McGuire opens the book with the story of Recy Taylor, who as a young married mother walking home from church in 1944 Alabama, was abducted at gunpoint and brutally raped by six white men. The investigator sent by the NAACP to document the case was a young activist named Rosa Parks, who McGuire makes clear—in case people still don’t get it—was not, ten years later, a tired woman on her way home from work wanting to rest her feet, but a seasoned civil rights worker acting as part of a planned resistance. A resistance not just against having to sit at the back of the bus, but against the daily humiliations and assaults black women were subjected to riding the Montgomery buses.
The Help gives the impression the
most black women had to put up with—bad as they were—were indignities like
having to use separate toilets. While no trifling matters, these sorts of
things just don’t reflect terror that these women lived with. The Help also gives the impression that
these women were just too afraid to speak out about the humiliations they faced
working as domestics and that they needed Skeeter to prod them. On the
contrary, in the face of beatings, attacks on their homes, the inability to
protect their daughters, and the knowledge that justice might never come to
their attackers, black women did
speak out. Publicly. Individually and as part of actions by organizations like
the NAACP and women’s clubs. Their bravery was stunning.

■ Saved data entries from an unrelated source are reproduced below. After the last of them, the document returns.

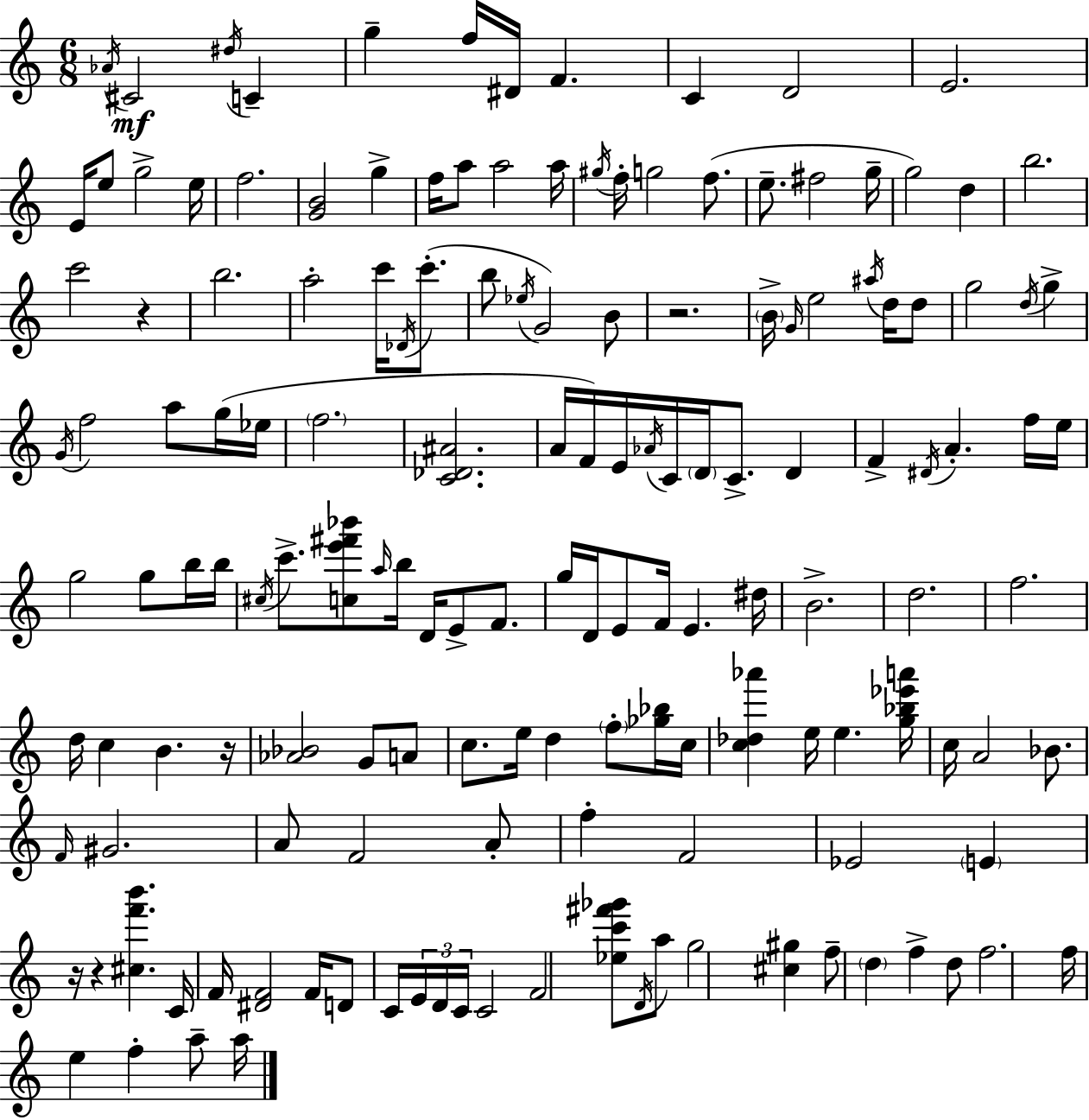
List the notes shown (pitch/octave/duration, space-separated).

Ab4/s C#4/h D#5/s C4/q G5/q F5/s D#4/s F4/q. C4/q D4/h E4/h. E4/s E5/e G5/h E5/s F5/h. [G4,B4]/h G5/q F5/s A5/e A5/h A5/s G#5/s F5/s G5/h F5/e. E5/e. F#5/h G5/s G5/h D5/q B5/h. C6/h R/q B5/h. A5/h C6/s Db4/s C6/e. B5/e Eb5/s G4/h B4/e R/h. B4/s G4/s E5/h A#5/s D5/s D5/e G5/h D5/s G5/q G4/s F5/h A5/e G5/s Eb5/s F5/h. [C4,Db4,A#4]/h. A4/s F4/s E4/s Ab4/s C4/s D4/s C4/e. D4/q F4/q D#4/s A4/q. F5/s E5/s G5/h G5/e B5/s B5/s C#5/s C6/e. [C5,E6,F#6,Bb6]/e A5/s B5/s D4/s E4/e F4/e. G5/s D4/s E4/e F4/s E4/q. D#5/s B4/h. D5/h. F5/h. D5/s C5/q B4/q. R/s [Ab4,Bb4]/h G4/e A4/e C5/e. E5/s D5/q F5/e [Gb5,Bb5]/s C5/s [C5,Db5,Ab6]/q E5/s E5/q. [G5,Bb5,Eb6,A6]/s C5/s A4/h Bb4/e. F4/s G#4/h. A4/e F4/h A4/e F5/q F4/h Eb4/h E4/q R/s R/q [C#5,F6,B6]/q. C4/s F4/s [D#4,F4]/h F4/s D4/e C4/s E4/s D4/s C4/s C4/h F4/h [Eb5,C6,F#6,Gb6]/e D4/s A5/e G5/h [C#5,G#5]/q F5/e D5/q F5/q D5/e F5/h. F5/s E5/q F5/q A5/e A5/s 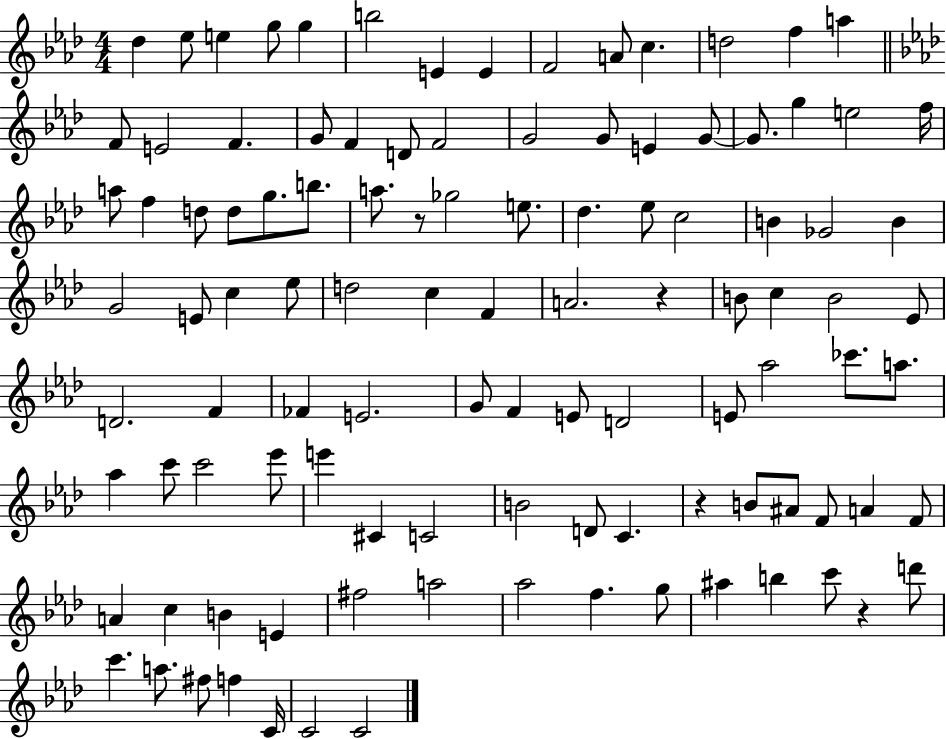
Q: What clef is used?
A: treble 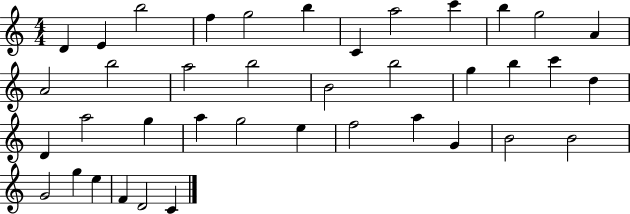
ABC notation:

X:1
T:Untitled
M:4/4
L:1/4
K:C
D E b2 f g2 b C a2 c' b g2 A A2 b2 a2 b2 B2 b2 g b c' d D a2 g a g2 e f2 a G B2 B2 G2 g e F D2 C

We owe it to these women to acknowledge their stories, their lives. The Help doesn’t help. While it is good at portraying heartbreaking daily moments of life as a domestic in white homes during the 1960s, it doesn’t begin to show black women as the strong, active, political fighters and organizers that they were. As an antidote, I encourage you to read At the Dark End of the Street. I have always felt that we have a responsibility to educate ourselves, to know the history. The history that McGuire gives us is chilling. It is not the feel-good self-righteous story of The Help. It is much more powerful.
Just read the preface; it’s more of a page turner than Skeeter, and Minnie, and Abilene. McGuire writes:
. . .yet analysis of rape and sexualized violence play little or no role in most histories of the civil rights movement, which present it as a struggle between black and white men—the heroic leadership of Martin Luther King confronting intransigent white supremacists like ‘Bull’ Connor. The real story—that the civil rights movement is also rooted in African American women’s long struggle against sexual violence—has never before been written. The stories of black women who fought for bodily integrity and personal dignity hold profound truths about the sexualized violence that marked racial politics and African American lives during the modern civil rights movement. If we understand the role rape and sexual violence played in African American’s daily lives and within the larger freedom struggle, we have to reinterpret, if not rewrite, the history of the civil rights movement.
Emily Levine is the editor of With My Own Eyes: A Lakota Woman Tells Her People's History (U of Nebraska).